■ **Activity**:
No pictures, please. Copy exactly the lines from the one with "771 - A 9ct" through the final line below.

■ **Data for analysis**:

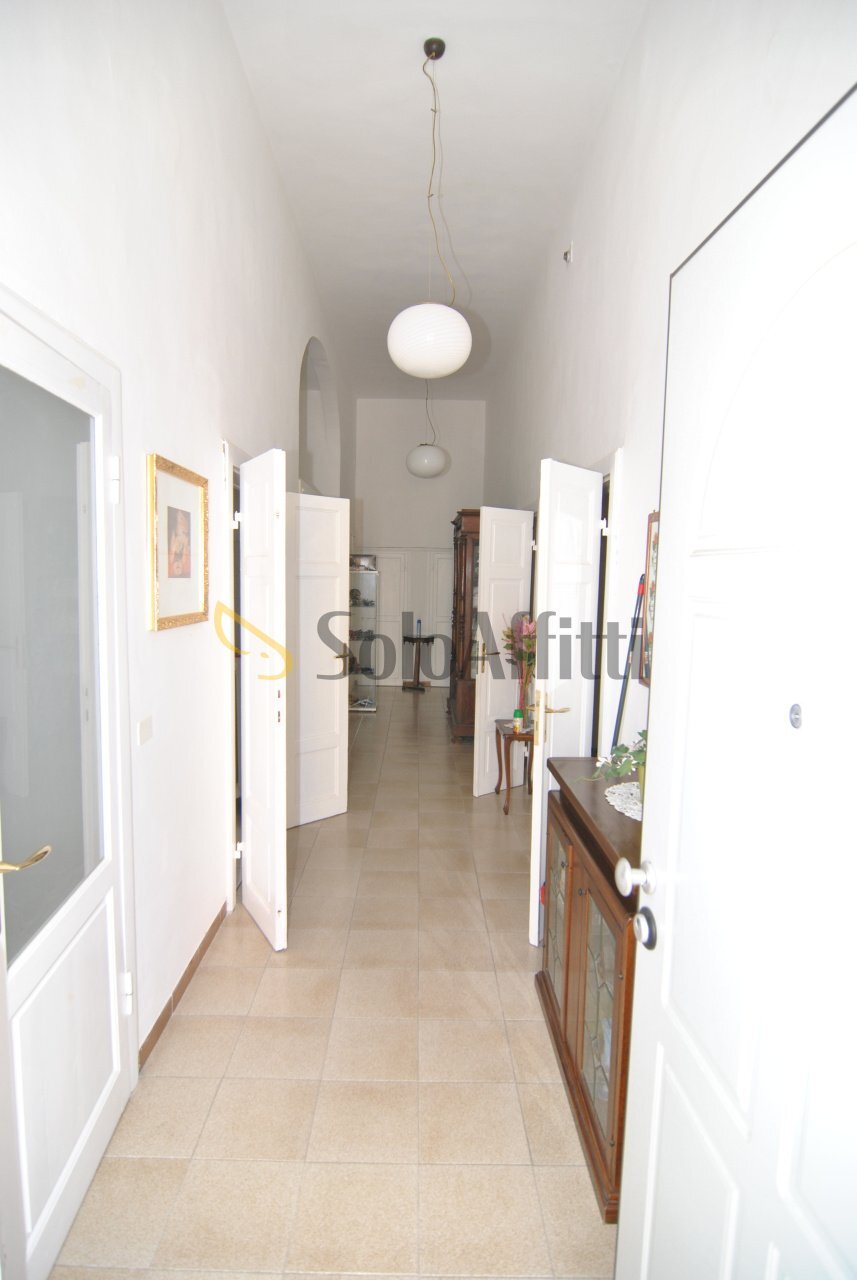 INGRESSO NEL CORRIDOIO.jpg - Apartment Via Giuseppe Maria Terreni 55, Livorno - photo 2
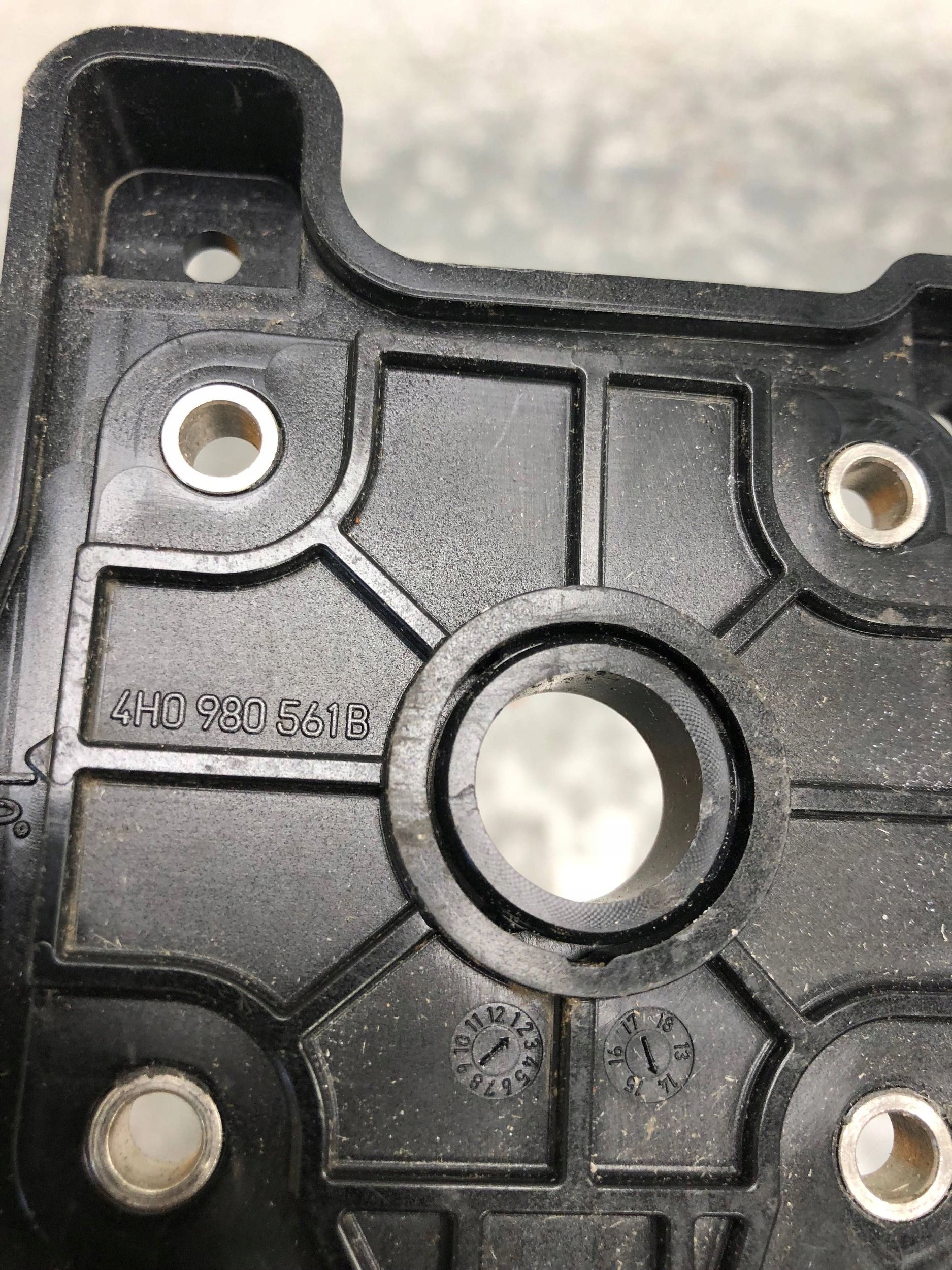 bracket holder KAMERY NIGHT VISION AUDI A8 D4 4H0980561B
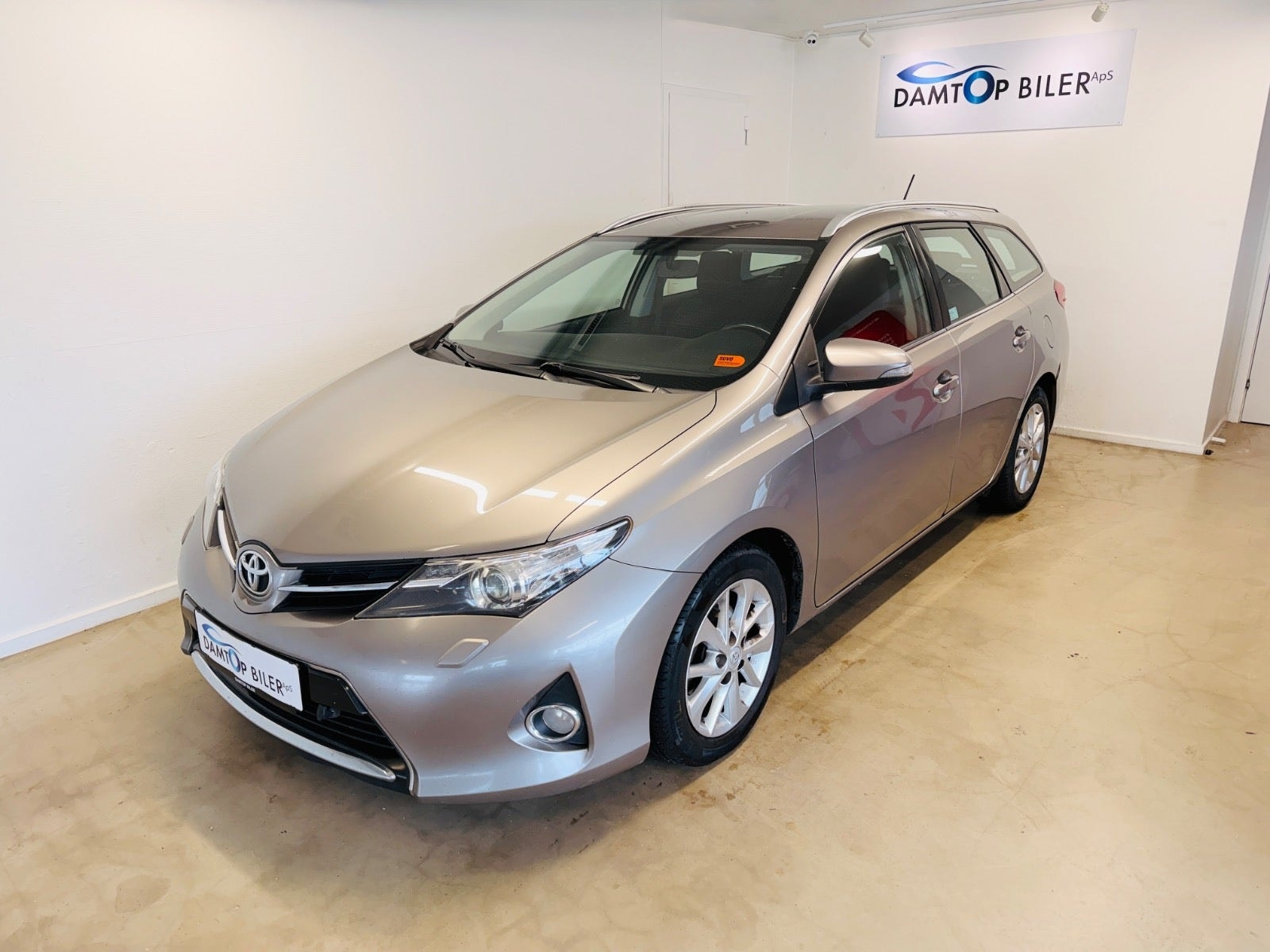 Toyota Auris til salg hos Nabilli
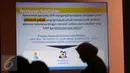 Slide show saat acara sosialisasi amnesty pajak dan perkembangan kebijakan ekonomi Indonesia di Jakarta, Selasa (26/7). (Liputan6.com/Angga Yuniar)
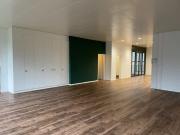 2 Zimmer, 240 m², 1. Stock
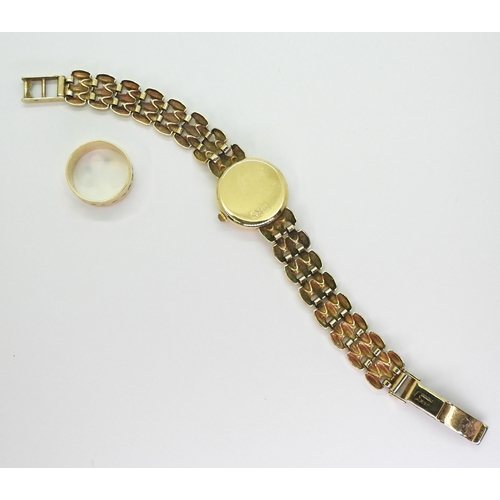 771 - A 9ct gold Accurist ladies watch and 9ct gold wedding ring, size K, weight together 17gms including ... 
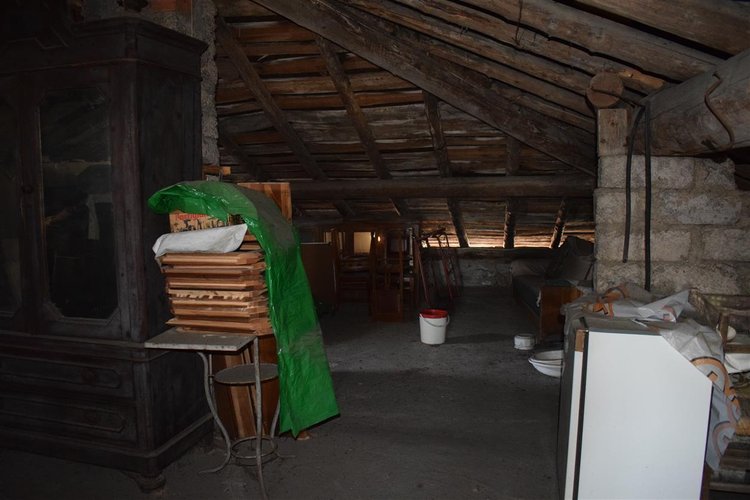 Serina, ai piedi della Mole del Monte Alben, ampio piano mansardato da riattare Serina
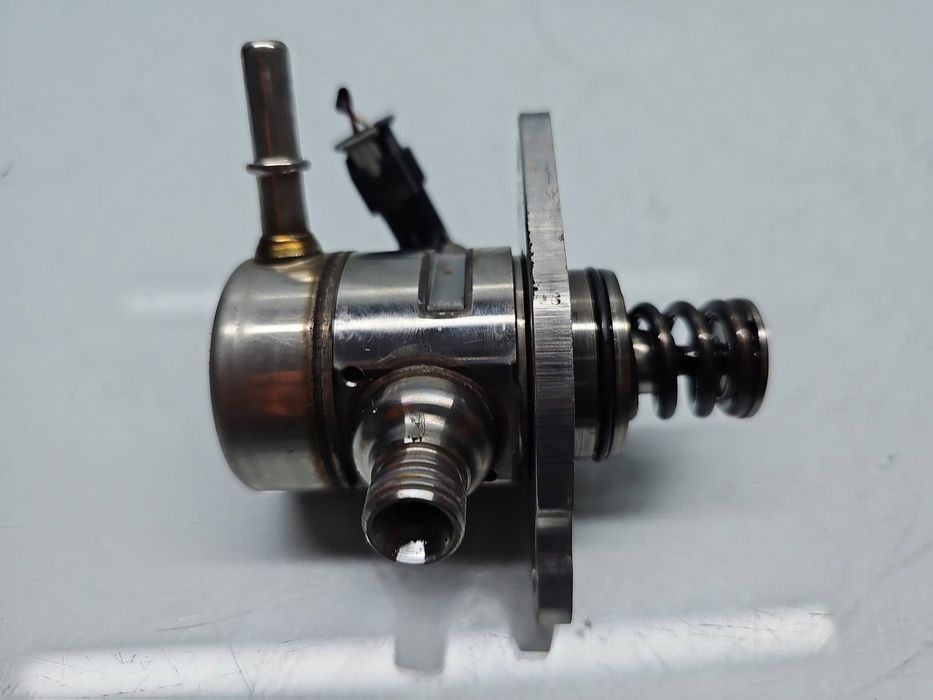 Pompa inalta presiune PEUGEOT 5008 [Fabr 2009-2017] 9812133780 1.2 Ben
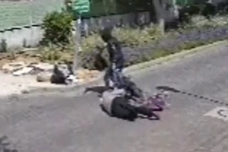 תיעוד מחריד: בת לניצולי שואה הותקפה בחדרה, חפציה נשדדו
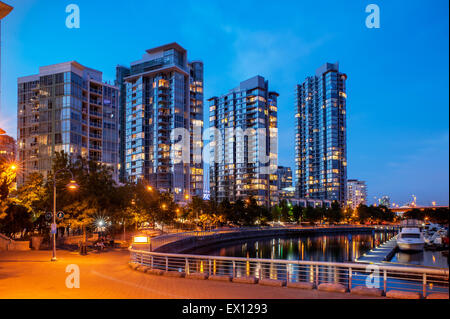 Appartamento Residenziale Torri in Vancouver Yaletown quartiere. Vancouver Real Estate Skyline. Foto Stock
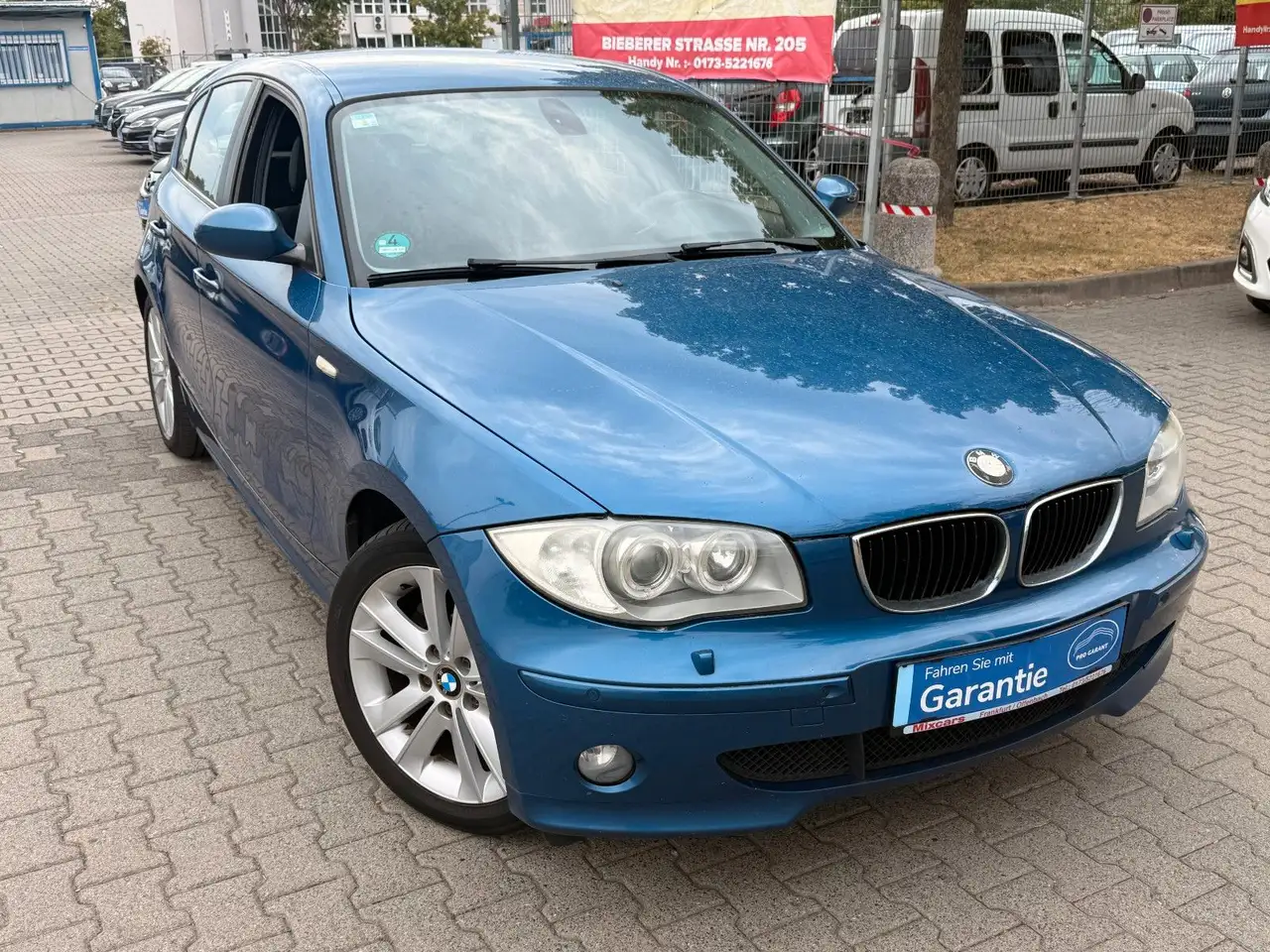 BMW 120 d 1 Limousine 120 d*LEDER*KLIMAAT*SHZ*6G*MFL* — photo 1 of 40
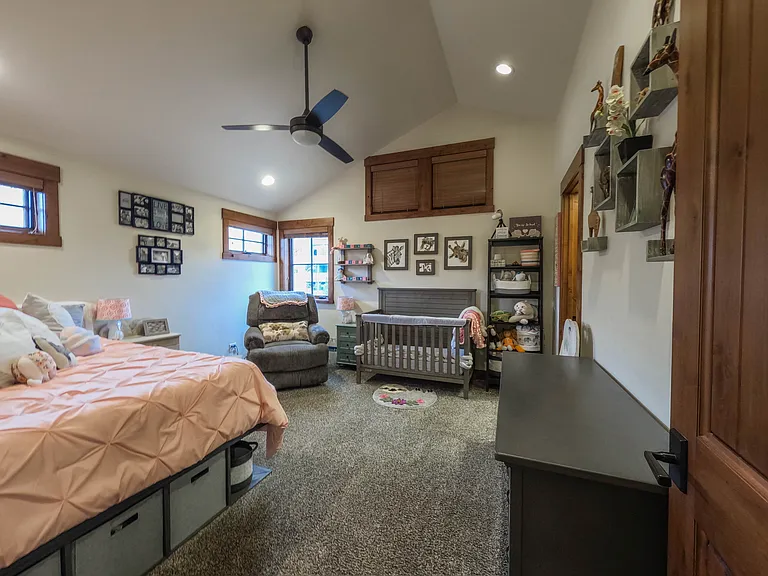 Bedroom 2 entry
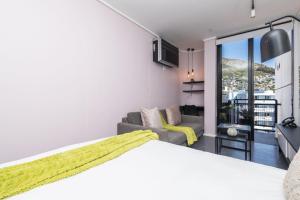 Trendy Sea Point Studio Walk to Beach Cafés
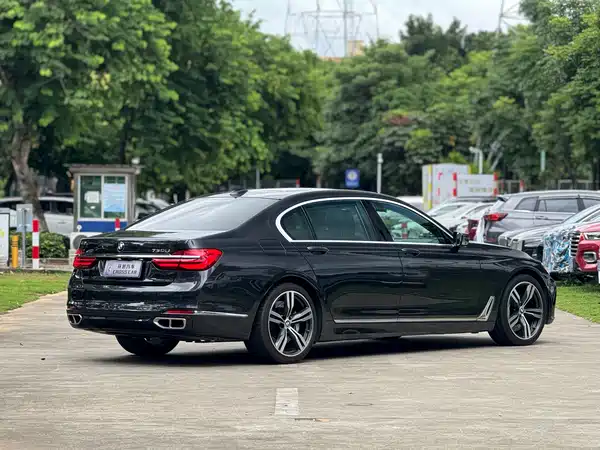 BMW 7 Series 2017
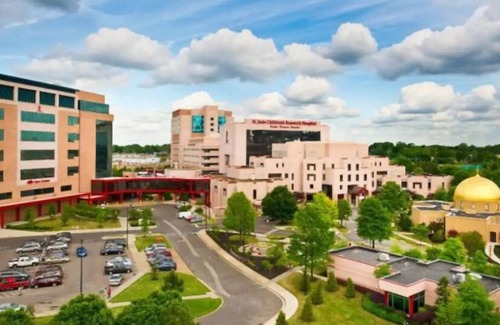 Uptown House | Downtown 3Br/3Ba Colonial Style Home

■ **Answer to the exercise**:
 771 - A 9ct gold Accurist ladies watch and 9ct gold wedding ring, size K, weight together 17gms including ... 
 Serina, ai piedi della Mole del Monte Alben, ampio piano mansardato da riattare Serina
 Pompa inalta presiune PEUGEOT 5008 [Fabr 2009-2017] 9812133780 1.2 Ben
 תיעוד מחריד: בת לניצולי שואה הותקפה בחדרה, חפציה נשדדו
 Appartamento Residenziale Torri in Vancouver Yaletown quartiere. Vancouver Real Estate Skyline. Foto Stock
 BMW 120 d 1 Limousine 120 d*LEDER*KLIMAAT*SHZ*6G*MFL* — photo 1 of 40
 Bedroom 2 entry
 Trendy Sea Point Studio Walk to Beach Cafés
 BMW 7 Series 2017
 Uptown House | Downtown 3Br/3Ba Colonial Style Home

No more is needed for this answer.